Once the images are set aside, write out the rest of the records exactly.

Web page caption snippets
◇ ◇ ◇ ◇ ◇ ◇ ◇
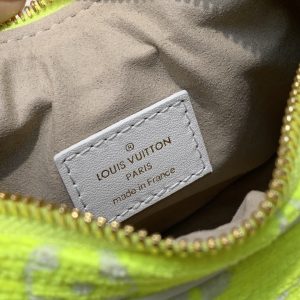 Louis Vuitton Loop Handbags-M810981-23*13*6CM - Image 5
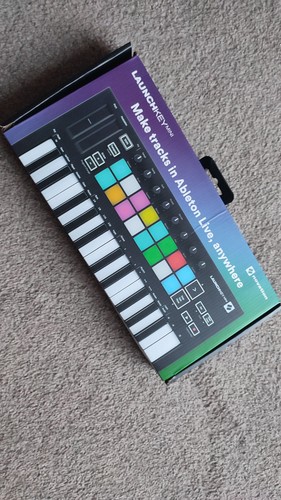 Novation launchkey mini mk3 - novation, 25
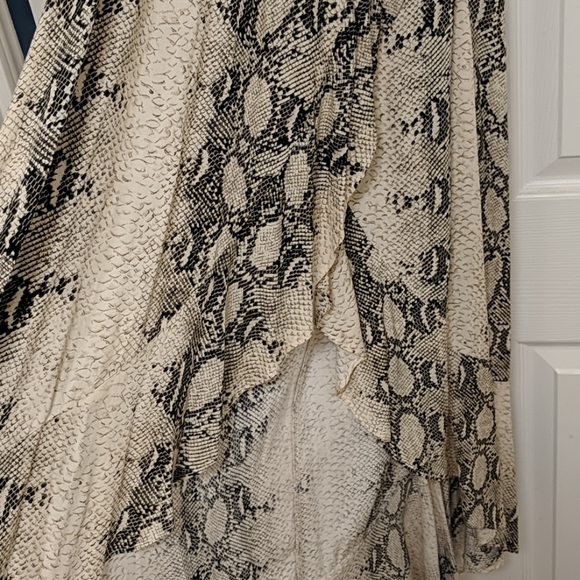 NWT Aakaa wrap dress - Picture 4 of 7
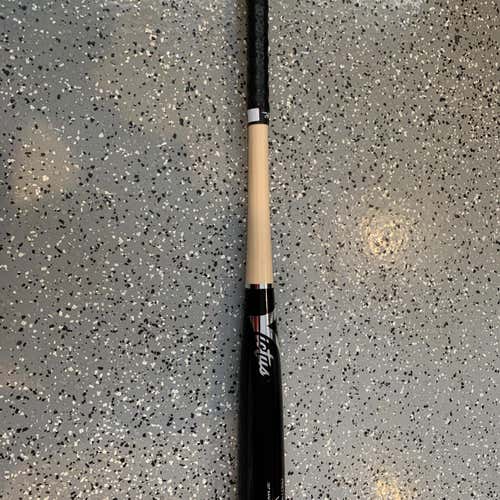 Used Wood Victus V-Cut Hard Maple 32" Bat With Bat Grip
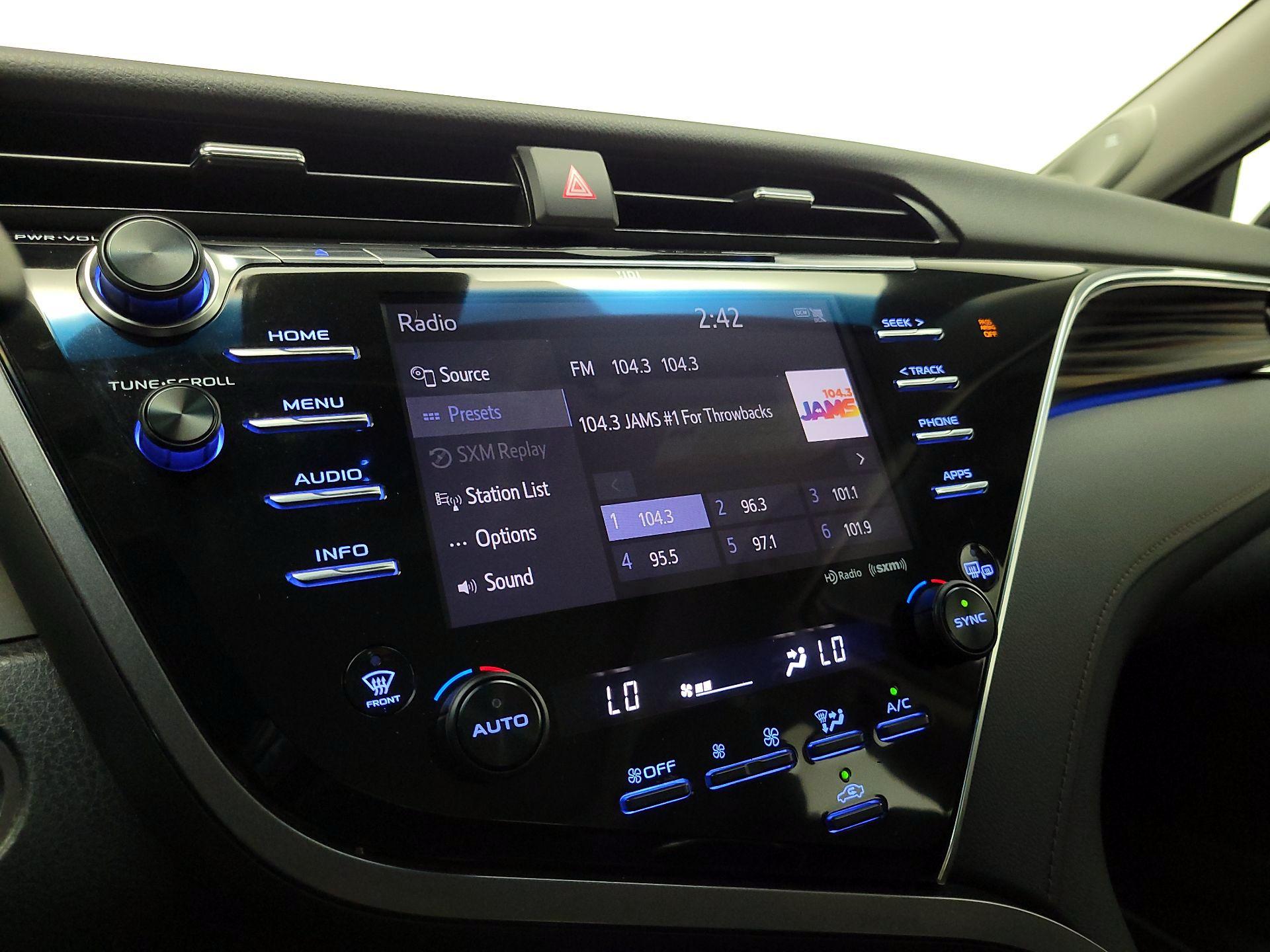 Thumbnail: 2018 Toyota Camry - 15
◇ ◇ ◇ ◇ ◇ ◇ ◇
Result of this task:
 Louis Vuitton Loop Handbags-M810981-23*13*6CM - Image 5
 Novation launchkey mini mk3 - novation, 25
 NWT Aakaa wrap dress - Picture 4 of 7
 Used Wood Victus V-Cut Hard Maple 32" Bat With Bat Grip
 Thumbnail: 2018 Toyota Camry - 15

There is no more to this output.